His Positive Preaching and the Modern Mind (1907) and Lectures on the Church and the Sacraments (1917) recalled Protestants to the richness of their own teaching about the church at a time when liberalism and evangelicalism together were threatening to obscure it. Forsyth's most famous book, The Person and Place of Jesus Christ (1909), attempted to moralize dogma, to express in terms of modern personal experience the meaning of the doctrine of Christ's divinity. In Christ on Parnassus (1911), dealing with theology and the arts, and in The Justification of God (1916), he considered the relation of Christian faith to the questions of his day.

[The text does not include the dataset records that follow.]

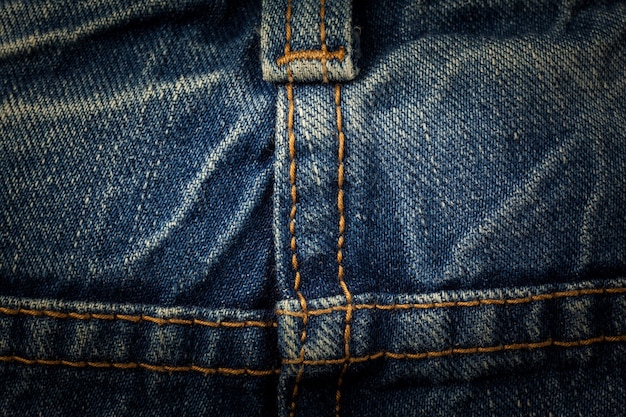 Sewing line of vintage blue jeans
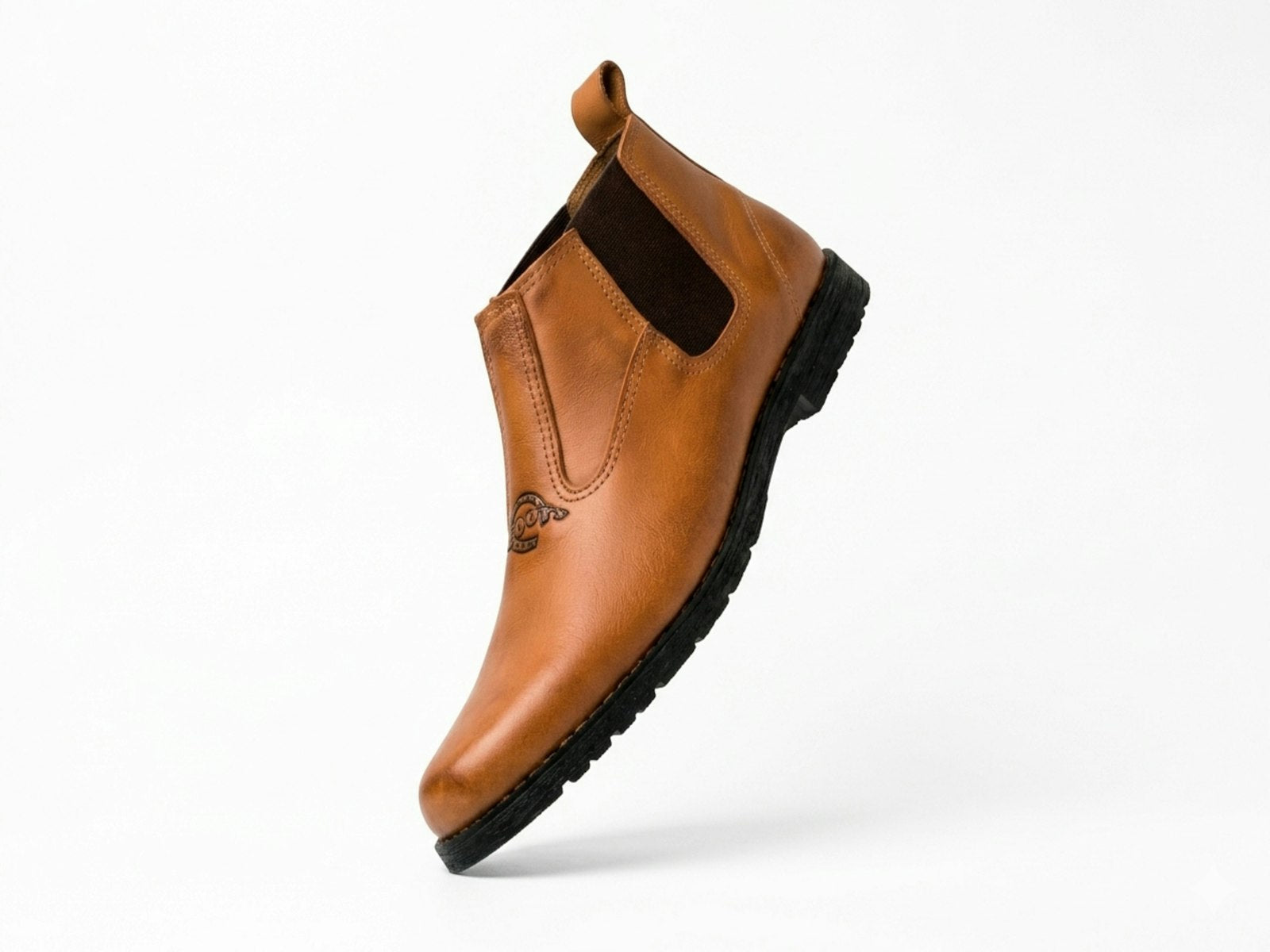 Tan leather chelsea boot shown as a clean product shot against a white background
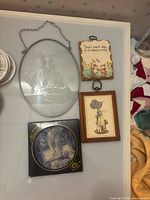 Overview of all four wall art pieces on table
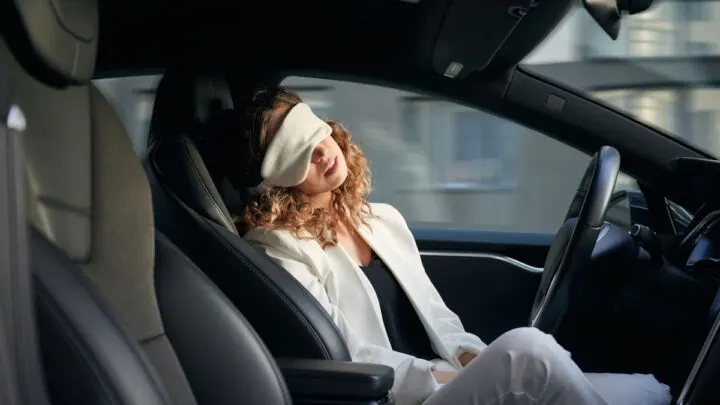 Woman sleeping using a self-driving mode 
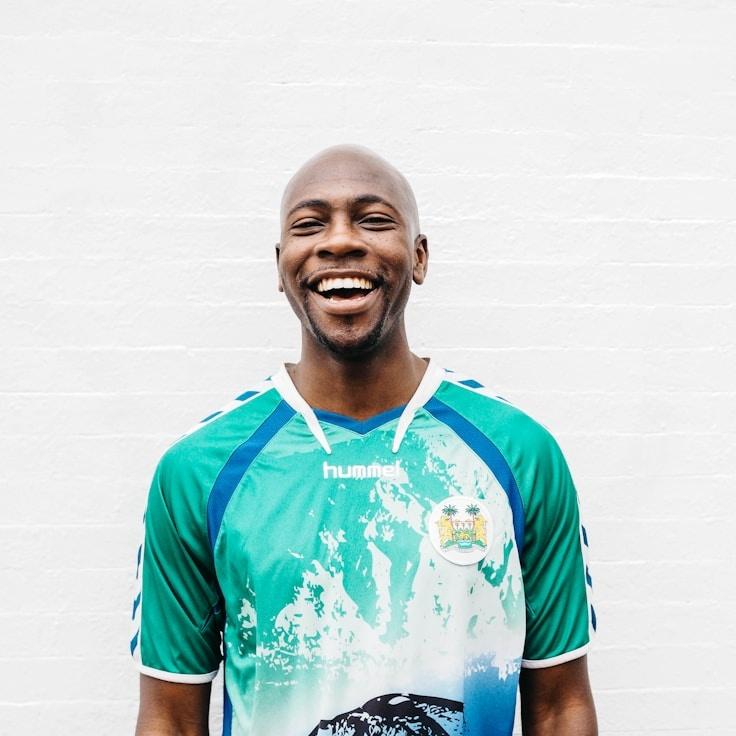 Alex Rivera, Lead Design Curator at Pocket Birch Hill, reviewing corporate floral arrangements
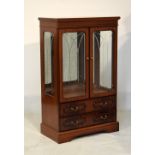 Mahogany finish display cabinet fitted two glazed doors with drawers below, 81cm wide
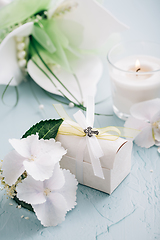 Image showing Confirmation or First holy communion concept  - small present with candle and flowers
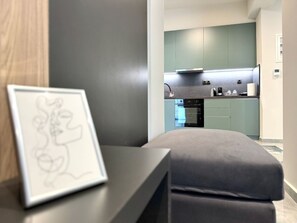 A modern kitchen with a dark countertop, a built-in oven, and a green backsplash. - City Bliss I Trikala Town (Trikala)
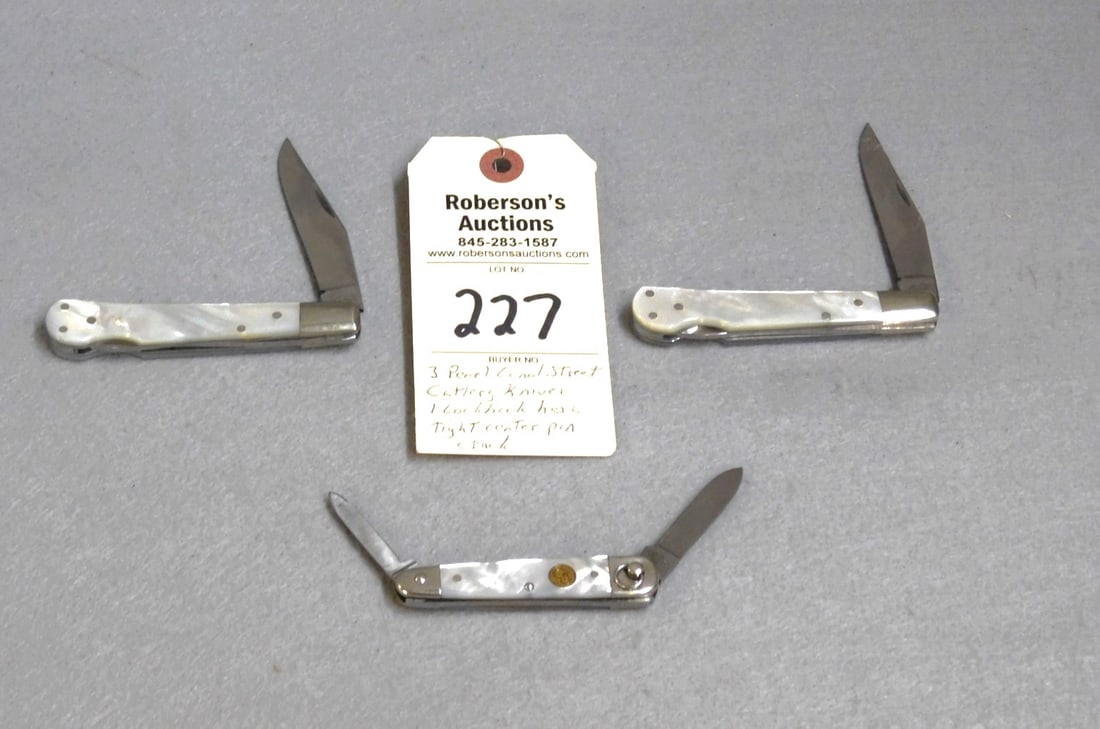 3 - Canal Street Cutlery Pearl Knives: 3 - Canal Street Cutlery Pearl Knives: 1) Ring Turn Knife, No Cracks - 3" 1)2 Pinch Lockback Knives - 3 3/4", One Has A Hint of a Crack At Center Pin in GD Cond.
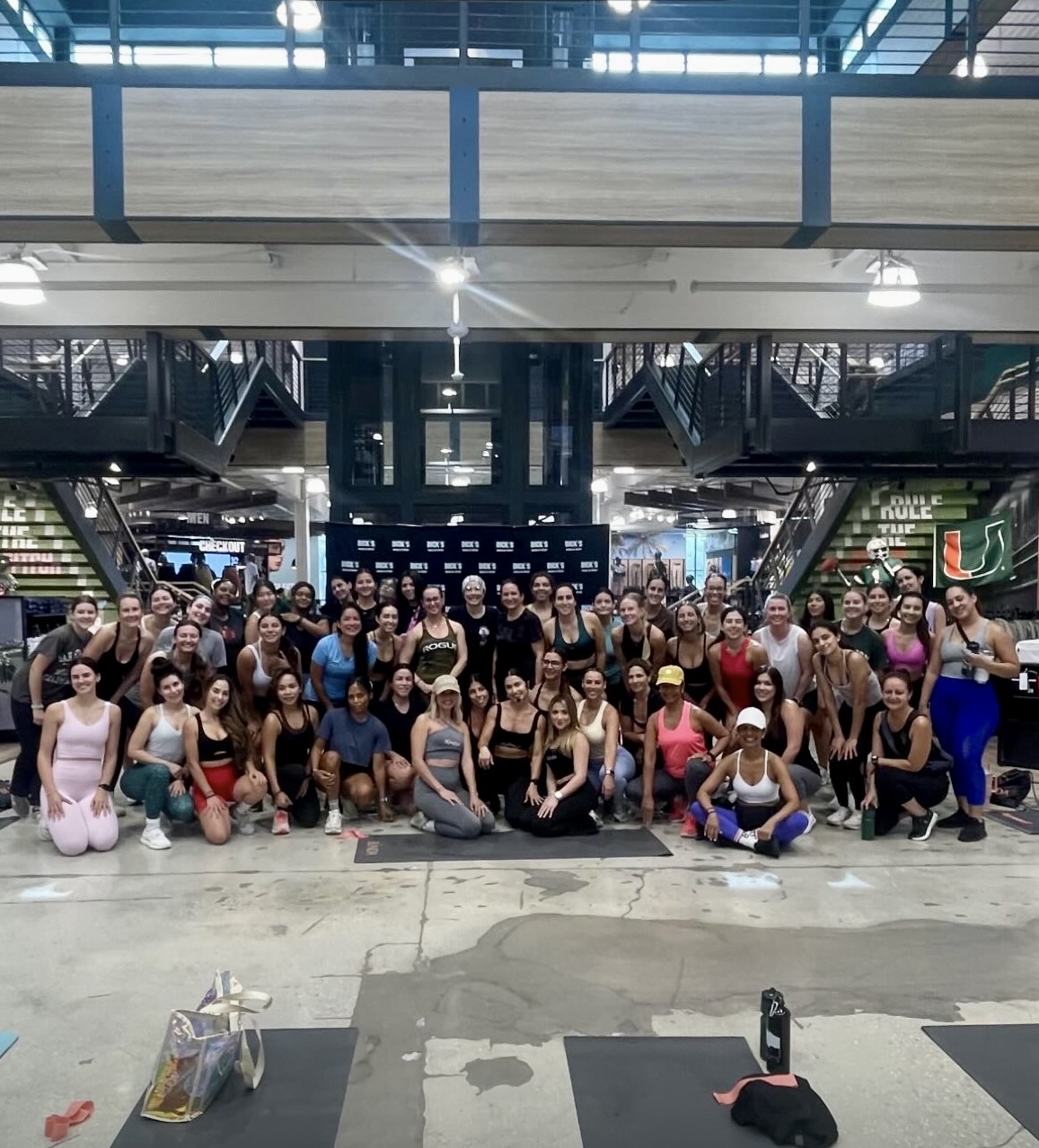 Group of people in a gym or fitness center, posing for a photo indoors, with equipment and stairs in the background.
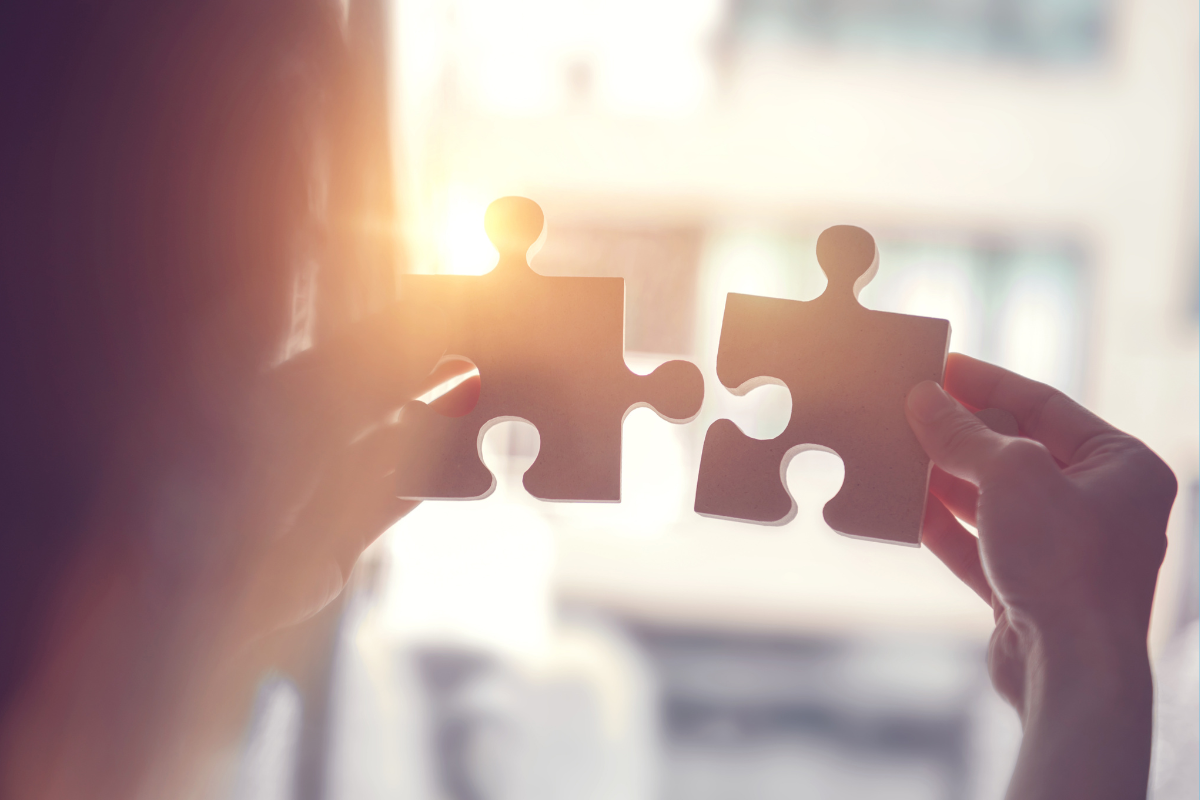 A person connects two large puzzle pieces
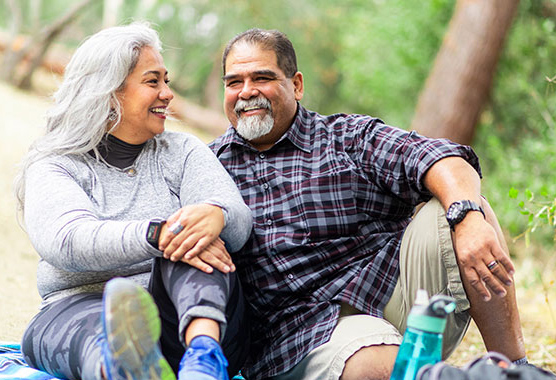 Older man and woman smiling sitting on a picnic blanket outside.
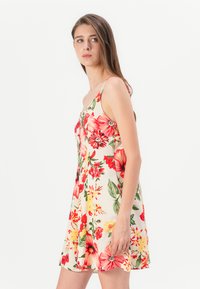 Abito floreale con uno sfondo di crema chiaro, decorato con fiori rossi e gialli vivaci. Presenta sottili spalline e una lunghezza fino al ginocchio.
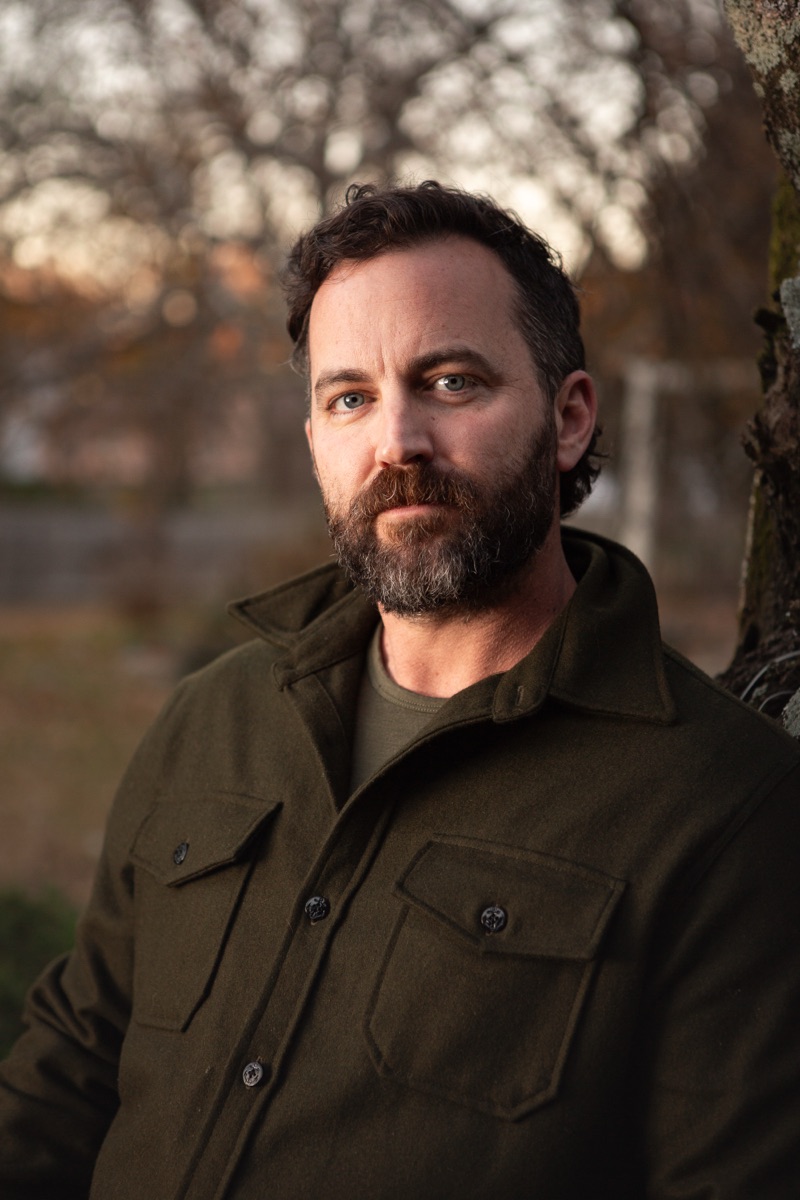 Robert Wilson Smith, actor, headshot outdoors in an olive overshirt among bare winter trees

He reasserted the classic faith of the Reformation in terms appropriate to his own time, bringing the word 'grace' back into protestant theology and showing anew what was meant by the sovereigny of God as revealed in the Holy Love in Christ. Forsyth anticipated many insights chariteristic of Barth. Through Barth's work, Forsyth often misunderstood in his time, gained new attention.
Works by P. T. Forsyth
This book challenges its reader, convicting like a refining fire. As a theologian, Forsyth had first admired the liberal theology of the late 19th century, but then had abandoned it, feeling that it failed to address the seriousness of sin and justice. In this devotional examination of prayer, Forsyth prompts readers to probe their hearts as they commune with God. He delves deeply into human motivations, values, and understanding, surveying prayer’s practice and purpose at its most visceral foundations. Though difficult to read at times because so involved, those who study Forsyth’s book often come to treasure the experience.
In the preface to this collection of lectures, P.T. Forsyth writes, “There is no region where religion becomes so quickly theology as in dealing with the work of Christ.” He notes that theology, especially theology that deals so much with the “personal religion of sinful men” is apt to change, and thus it would seem an impossible matter to actually write a book on the matter with any hope of it having lasting effects. Forsyth’s work has remained a classic, however, perhaps because of his acknowledgment of the challenge he faced, and his humility in offering what he hoped would be a useful tool for people just beginning to develop their theology on Christ’s atoning work. This book of theology is a powerful reminder for all who read it that our theology and faith is centered first and foremost on the cross, and Forsyth expounds on this with a powerful rhetoric and thoughtful articulation.